One of the greatest challenges in the early stages of asset development is the data and evidence gap; development teams’ foundation of known clinical outcomes in a fixed treatment landscape. As teams make crucial decisions on when and how to take an asset forward, they have to rely on assessments of the current situation and predictions of what the future landscape may look like in five-to-10 years, to determine the potential value of a new asset to patients, physicians, and payers.
Given the current evolving environment, it is likely that both the treatment paradigm and reimbursement landscape will have shifted by the time of launch. Physicians, patients, payers, and regulators will all be looking for different pieces of information to justify the role and value of a new therapy, particularly as that space inevitably becomes more crowded. Teams developing assets for conditions with only one or two approved therapies today are likely to face an environment with seven or eight approved medications in 2021, which presents an altogether more competitive reimbursement challenge. Thus, teams need to consider how to demonstrate an asset’s value to all key stakeholders clearly and supported with evidence.
The challenge in making these decisions about the future is the data gap; with phase 3 data years away, the constantly evolving landscape and shifting reimbursement requirements, how can development teams determine the future value of an asset?
Answering that question requires evaluation of three distinct sources of value: clinical, patient and commercial. Though some consider these value streams independently, the only way to understand how they interact with, and amplify, each other is to review them collectively.
From a clinical perspective, value for early-phase assets is based on a combination of scientific feasibility and medical relevance: is there a solid rationale to believe that the asset will work in a given disease state? Mapping out this current and potential future positioning requires deep therapeutic area knowledge, willingness to look at all the evidence (positive, negative and neutral), and an understanding of what value means to clinicians and patients.
In the absence of large phase 3 datasets, feasibility can only be evaluated based on the mechanisms and pathways being targeted, which populations are most likely to benefit, and how this benefit can (or should) be evaluated in a clinical setting. Understanding the medical relevance of the condition and population to be treated is also fundamental: is it an already-defined segment, or will you need to work with physicians and regulators to define this population in a way that delineates a compelling rationale for a new treatment?
In a perfect world, all key stakeholders (physicians, payers/regulators and patients) want an easy-to-measure biomarker that correlates with response to your asset in a clearly-defined population, as is the case for HER2 and trastuzumab response in breast cancer. However, in this example, HER2 is really a target of trastuzumab and not merely a marker. More often, the relationship between biomarkers and findings on imaging or other measures does not show a strong, clear relationship with treatment outcomes. Where a new asset is targeting novel pathways, or a rare disease with little information on markers of disease progression, it may be necessary to establish and validate appropriate surrogate markers of response.
The ‘patient’ source of value flows from this ‘clinical’ value. The goal of any therapy, whether disease modifying or symptom management, is to meaningfully improve patients’ lives and alleviate the burden of their condition. In the modern healthcare landscape, the voice of the patient is emerging as a powerful driver of value for new agents, particularly in understanding the various ways in which new treatments can offer benefits beyond the standard outcomes. Therapies that are not disease-modifying but alleviate debilitating symptoms may offer considerable value to the patient, and yet this value may not be reflected in outcome measures of disease progression. As a result, payers and regulators are becoming more and more responsive to patient needs when considering access and indications.
Fully integrating clinical and economic value is an important part of assessing the third source of an early asset’s future value – the commercial aspect. Their future commercial viability has to be considered in the context of their revenue potential, future market position and increasingly complex access schemes. While we all dream of bringing an asset to market that offers transformative benefits to patients and rapidly achieves first-line status, the vast majority provide some degree of incremental clinical benefit and require careful positioning for an appropriate place in therapy.

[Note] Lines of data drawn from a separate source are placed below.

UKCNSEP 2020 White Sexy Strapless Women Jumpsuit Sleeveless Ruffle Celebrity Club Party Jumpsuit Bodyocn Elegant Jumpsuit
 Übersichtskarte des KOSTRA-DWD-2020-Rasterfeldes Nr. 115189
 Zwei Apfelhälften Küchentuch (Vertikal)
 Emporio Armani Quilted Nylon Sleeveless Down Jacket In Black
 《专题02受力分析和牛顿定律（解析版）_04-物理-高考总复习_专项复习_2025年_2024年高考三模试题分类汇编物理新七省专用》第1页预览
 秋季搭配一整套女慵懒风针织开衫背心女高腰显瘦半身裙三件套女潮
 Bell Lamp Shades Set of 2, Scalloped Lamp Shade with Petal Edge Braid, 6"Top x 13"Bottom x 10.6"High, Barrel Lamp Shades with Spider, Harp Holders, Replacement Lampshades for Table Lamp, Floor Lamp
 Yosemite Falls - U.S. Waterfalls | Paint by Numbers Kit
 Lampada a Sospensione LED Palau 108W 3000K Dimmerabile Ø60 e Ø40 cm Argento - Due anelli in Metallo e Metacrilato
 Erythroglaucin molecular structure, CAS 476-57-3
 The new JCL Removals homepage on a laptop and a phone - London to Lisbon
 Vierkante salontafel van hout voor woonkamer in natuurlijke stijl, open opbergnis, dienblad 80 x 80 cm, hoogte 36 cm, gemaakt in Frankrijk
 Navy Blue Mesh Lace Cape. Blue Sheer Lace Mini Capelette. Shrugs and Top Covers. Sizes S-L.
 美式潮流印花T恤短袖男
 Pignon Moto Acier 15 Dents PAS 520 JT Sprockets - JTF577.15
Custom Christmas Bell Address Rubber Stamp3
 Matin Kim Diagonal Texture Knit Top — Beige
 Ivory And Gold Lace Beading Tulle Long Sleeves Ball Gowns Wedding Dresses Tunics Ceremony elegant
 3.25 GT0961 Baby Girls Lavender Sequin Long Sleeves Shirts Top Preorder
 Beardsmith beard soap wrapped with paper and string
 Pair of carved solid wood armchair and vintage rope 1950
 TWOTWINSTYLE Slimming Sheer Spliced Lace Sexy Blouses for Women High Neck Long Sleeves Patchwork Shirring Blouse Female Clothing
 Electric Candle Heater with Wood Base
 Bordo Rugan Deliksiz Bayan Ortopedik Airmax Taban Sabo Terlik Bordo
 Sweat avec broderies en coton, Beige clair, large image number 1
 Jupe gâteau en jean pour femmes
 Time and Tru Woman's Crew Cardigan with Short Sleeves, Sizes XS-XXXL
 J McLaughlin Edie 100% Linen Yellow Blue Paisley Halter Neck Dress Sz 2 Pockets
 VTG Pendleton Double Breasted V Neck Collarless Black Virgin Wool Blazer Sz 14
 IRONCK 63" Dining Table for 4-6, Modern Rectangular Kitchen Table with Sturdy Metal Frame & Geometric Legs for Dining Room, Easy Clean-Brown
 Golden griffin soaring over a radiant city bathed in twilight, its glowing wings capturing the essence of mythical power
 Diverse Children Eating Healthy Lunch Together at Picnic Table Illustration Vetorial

Optimising the outcome of this process requires scenario-based evaluations of potential future treatment landscapes, and mapping of how both small and large changes may influence evolving reimbursement and access paradigms. This kind of scenario-based approach is central to understanding if it is realistic for a novel therapy to achieve first-line status in a broad population versus third-line status in a clearly articulated subpopulation – and growth potential may vary dramatically based on the ability to firmly establish differentiation against competitors, not just from an efficacy/safety perspective, but from a value perspective as well.
These three sources of value – clinical, patient and commercial – need to be considered collectively. Rather than evaluating each independently via different teams, the optimal path is a collaborative approach that incorporates a multidisciplinary team to evaluate, assess and prioritise assets and development pathways. This helps teams reach key decisions faster and more efficiently and, importantly, with endorsement from all stakeholders.
Understanding the concept of value, and where that value will manifest itself, is central to good decision making in early asset development and commercialisation. If each source is evaluated in isolation, teams can miss opportunities where incremental value in each of the clinical, patient, and commercial arenas can become greater than the sum of their parts.